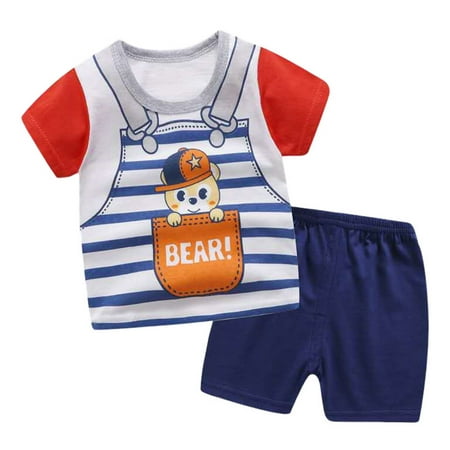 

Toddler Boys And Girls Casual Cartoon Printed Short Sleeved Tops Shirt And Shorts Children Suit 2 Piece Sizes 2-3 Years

--

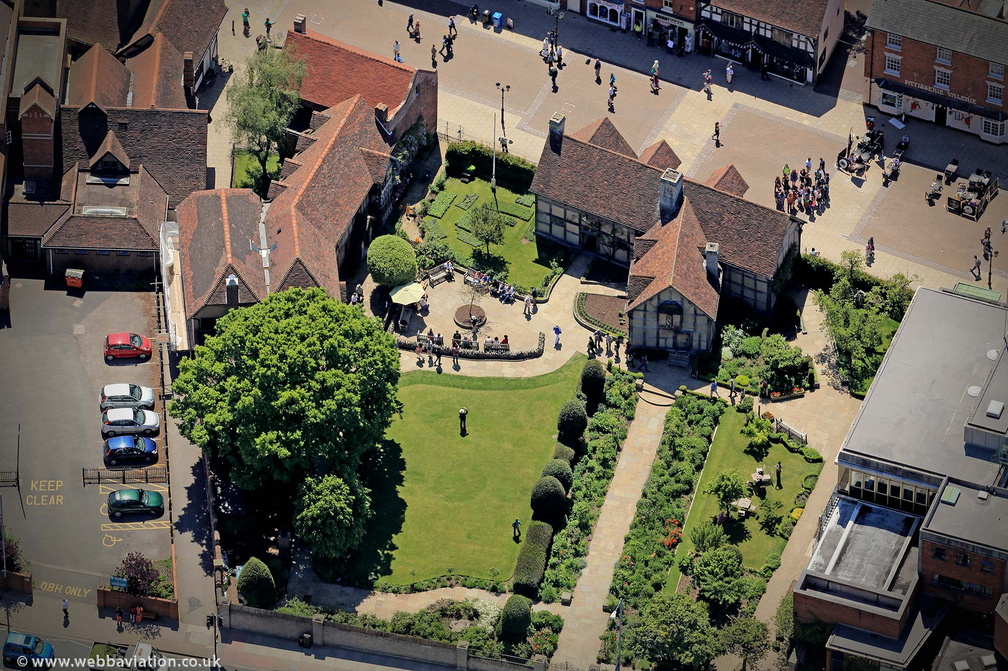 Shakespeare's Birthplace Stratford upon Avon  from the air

---

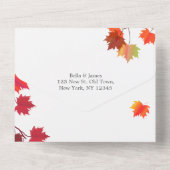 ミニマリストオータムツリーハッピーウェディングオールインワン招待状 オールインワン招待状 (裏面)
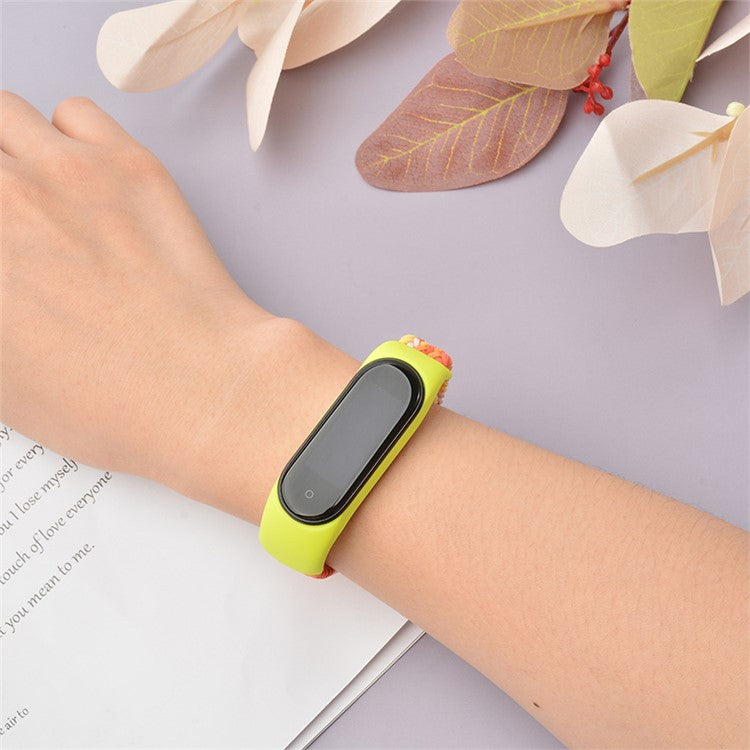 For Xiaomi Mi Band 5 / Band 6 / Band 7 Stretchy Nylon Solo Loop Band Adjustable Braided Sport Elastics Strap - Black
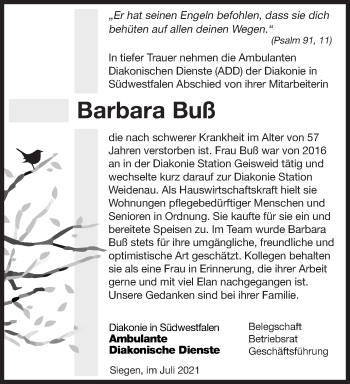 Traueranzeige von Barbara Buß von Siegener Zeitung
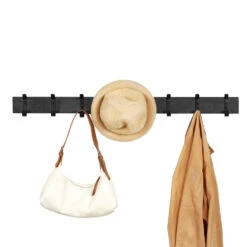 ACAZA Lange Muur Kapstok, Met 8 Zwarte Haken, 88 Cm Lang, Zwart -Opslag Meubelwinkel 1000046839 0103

▶ **TASK DESCRIPTION**: Find the line with "ミニマリストオータムツリーハッピーウェディングオールインワン招待状 オールインワン招待状 (裏面)" in the data above, and from there retype each line exactly through the line with "ACAZA Lange Muur", skipping the pictures along the way.

▶ **COMPLETED TASK**:
 ミニマリストオータムツリーハッピーウェディングオールインワン招待状 オールインワン招待状 (裏面)
 For Xiaomi Mi Band 5 / Band 6 / Band 7 Stretchy Nylon Solo Loop Band Adjustable Braided Sport Elastics Strap - Black
 Traueranzeige von Barbara Buß von Siegener Zeitung
 ACAZA Lange Muur Kapstok, Met 8 Zwarte Haken, 88 Cm Lang, Zwart -Opslag Meubelwinkel 1000046839 0103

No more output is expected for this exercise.